START Information shown
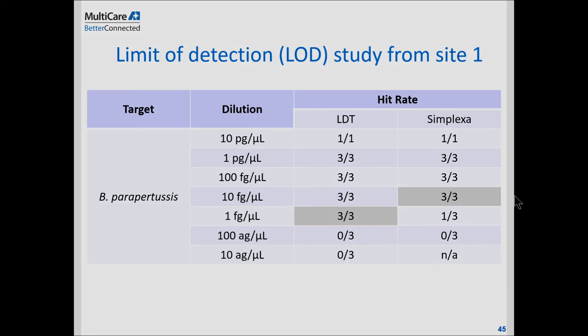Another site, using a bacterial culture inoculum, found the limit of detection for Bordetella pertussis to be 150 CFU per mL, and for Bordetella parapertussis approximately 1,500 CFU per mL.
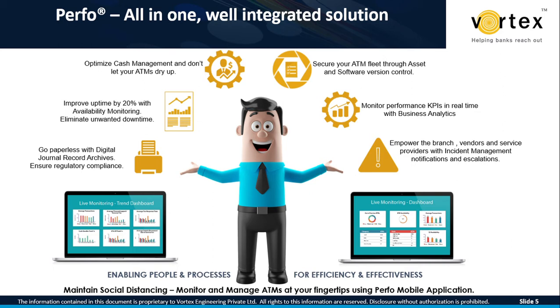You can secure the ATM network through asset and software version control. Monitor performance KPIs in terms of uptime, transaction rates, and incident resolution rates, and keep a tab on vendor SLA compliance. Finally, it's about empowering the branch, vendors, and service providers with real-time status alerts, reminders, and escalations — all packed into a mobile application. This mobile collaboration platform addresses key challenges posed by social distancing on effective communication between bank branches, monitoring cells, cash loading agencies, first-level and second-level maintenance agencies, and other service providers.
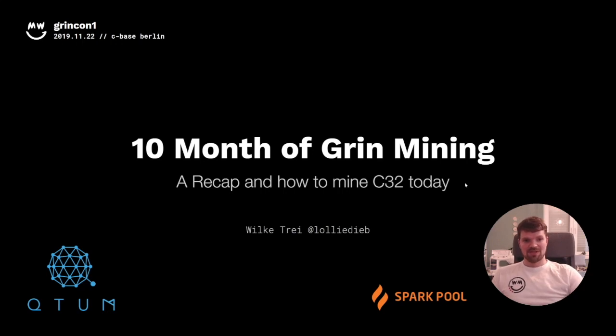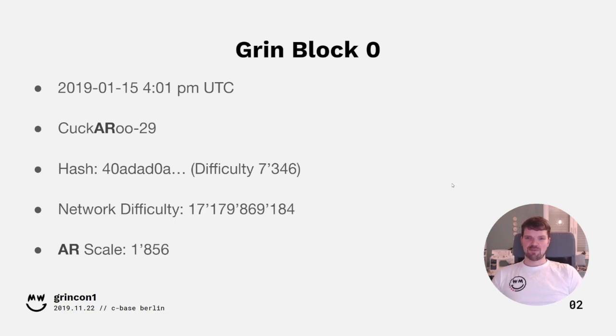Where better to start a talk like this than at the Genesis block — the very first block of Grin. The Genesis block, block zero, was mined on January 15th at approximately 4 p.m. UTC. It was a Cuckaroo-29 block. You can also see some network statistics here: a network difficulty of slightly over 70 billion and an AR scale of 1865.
END Information shown
= Exercise objective =
Output all lines above precisely. Pictures are to be left out.

= Solution =
Another site, using a bacterial culture inoculum, found the limit of detection for Bordetella pertussis to be 150 CFU per mL, and for Bordetella parapertussis approximately 1,500 CFU per mL.
You can secure the ATM network through asset and software version control. Monitor performance KPIs in terms of uptime, transaction rates, and incident resolution rates, and keep a tab on vendor SLA compliance. Finally, it's about empowering the branch, vendors, and service providers with real-time status alerts, reminders, and escalations — all packed into a mobile application. This mobile collaboration platform addresses key challenges posed by social distancing on effective communication between bank branches, monitoring cells, cash loading agencies, first-level and second-level maintenance agencies, and other service providers.
Where better to start a talk like this than at the Genesis block — the very first block of Grin. The Genesis block, block zero, was mined on January 15th at approximately 4 p.m. UTC. It was a Cuckaroo-29 block. You can also see some network statistics here: a network difficulty of slightly over 70 billion and an AR scale of 1865.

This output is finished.